==== Dataset content ====

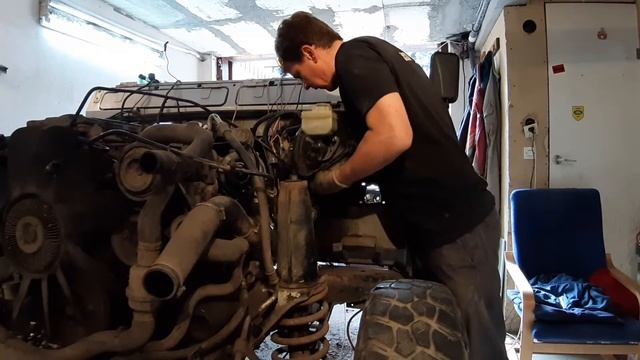 Step 8: Bulkhead & Seatbase Land Rover Defender 110 by Maro смотреть онлайн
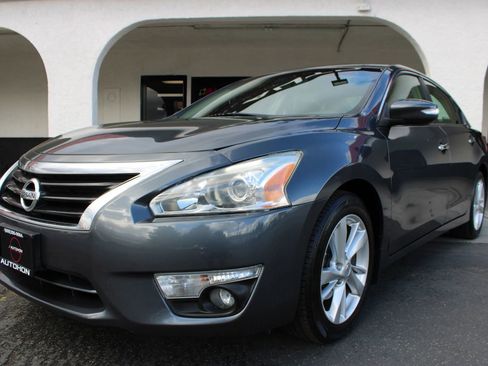 Used 2013 Nissan Altima 2.5 SV w/ 2.5SV Convenience Pkg image 6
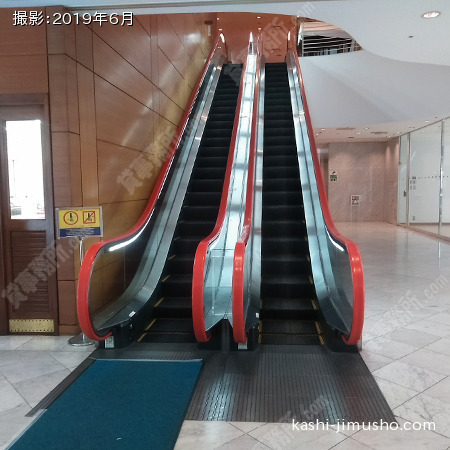 ホテル階へのアプローチ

====

What you are asked to do: All that is needed is the data above, repeated exactly, without the pictures.

Written reply:
 Step 8: Bulkhead & Seatbase Land Rover Defender 110 by Maro смотреть онлайн
 Used 2013 Nissan Altima 2.5 SV w/ 2.5SV Convenience Pkg image 6
 ホテル階へのアプローチ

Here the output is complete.